What are the economics of a roll-up strategy?

The current company, with $10 million in revenue, might have 10% margins (e.g. make $1 million/year profits), making it worth 4-5x profits (so, $4-5 million in value). Potential acquisitions are other firms in the space with lower revenues and are valued mostly based on profits, but also based on longevity of profits and growth rate. Thus, a firm with $2 million in revenue, 5% margins, and $100,000 in profits might be acquired for 10% of the equity of the combined entity even though revenue is 20% of the combined entity.

Why would the smaller company do this? As profits increase, company value as a multiple of profits increases due to the potential for greater economies of scale and sophistication of a potential acquirer such that a company with $5 million in profits might be worth 7-8x profits ($35-$40 million in value). So, for the smaller company, their same $100,000 in profits might be worth double (e.g. going from a 4x profit multiple to an 8x) due to being part of a large company. This happens all the time.

Roll-ups are extremely difficult and the best acquisitions happen with aligned corporate cultures. The economics make sense for entrepreneurs that are ready to hitch their wagon to someone else’s train and believe that the opportunity for success and the weighted expected outcome is higher.

What else? What do you think of the economics of a roll-up strategy?

Comments

2 responses to “Economics of a Roll-Up Strategy”

  1. Sanford Avatar
    Sanford

    Acquiring companies is a business unto itself.

    To paraphrase Warren Buffet: in every business transactions there is sucker. if you don’t know who the sucker is in the deal, then it’s probably you.

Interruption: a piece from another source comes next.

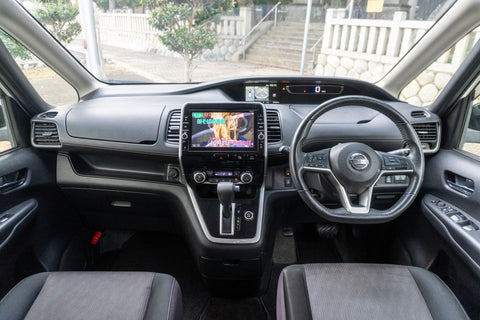 Serena - S Hybrid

    Be careful buying other companies. Make asset purchases only. I’ve never seen an earn-out period make it to fruition. and that included my own.

  2. Dave Williams Avatar

    I am a big believer in leveraging roll-ups to acquire talent, revenue growth and to help expand and depth of offerings allowing smaller companies to better be able to compete and grow business much faster in high growth emerging markets. Talent, technology, and culture are huge factors to the success and aligned objectives of the companies. Plus, acquisitions create excitement and renewed energy in a business and perceived momentum, market interest, and greater strength to do future acquisitions. Obviously, organic growth is super important but to the extent a business can acquire and organically grow the company, this can be the beginnings of a super successful company. Having been on both sides of the equation is definitely helpful in understanding how to best make these deals successful for both parties.